• _Exercise aim_
Copy out the line that contains "Vollschrauben Set Untersternschraube" and the lines after it through the final one in the entries below, exactly, with no other lines.

• _Source information_
===

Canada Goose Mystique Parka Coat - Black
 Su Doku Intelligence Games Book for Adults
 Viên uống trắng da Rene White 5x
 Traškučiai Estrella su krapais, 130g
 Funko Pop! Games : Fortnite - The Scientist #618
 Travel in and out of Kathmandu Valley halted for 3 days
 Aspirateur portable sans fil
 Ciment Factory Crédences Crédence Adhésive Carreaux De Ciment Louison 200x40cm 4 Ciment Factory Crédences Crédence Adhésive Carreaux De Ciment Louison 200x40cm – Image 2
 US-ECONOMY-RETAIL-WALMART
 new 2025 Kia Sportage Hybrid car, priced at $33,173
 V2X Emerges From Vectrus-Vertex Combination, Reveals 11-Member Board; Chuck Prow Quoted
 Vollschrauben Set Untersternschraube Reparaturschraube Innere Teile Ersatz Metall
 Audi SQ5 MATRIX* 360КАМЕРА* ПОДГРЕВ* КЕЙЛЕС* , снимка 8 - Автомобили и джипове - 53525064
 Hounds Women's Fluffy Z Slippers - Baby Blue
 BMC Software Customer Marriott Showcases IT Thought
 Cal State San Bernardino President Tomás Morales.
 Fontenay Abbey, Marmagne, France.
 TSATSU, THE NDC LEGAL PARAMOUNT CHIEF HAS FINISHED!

===

• _Answer below_
 Vollschrauben Set Untersternschraube Reparaturschraube Innere Teile Ersatz Metall
 Audi SQ5 MATRIX* 360КАМЕРА* ПОДГРЕВ* КЕЙЛЕС* , снимка 8 - Автомобили и джипове - 53525064
 Hounds Women's Fluffy Z Slippers - Baby Blue
 BMC Software Customer Marriott Showcases IT Thought
 Cal State San Bernardino President Tomás Morales.
 Fontenay Abbey, Marmagne, France.
 TSATSU, THE NDC LEGAL PARAMOUNT CHIEF HAS FINISHED!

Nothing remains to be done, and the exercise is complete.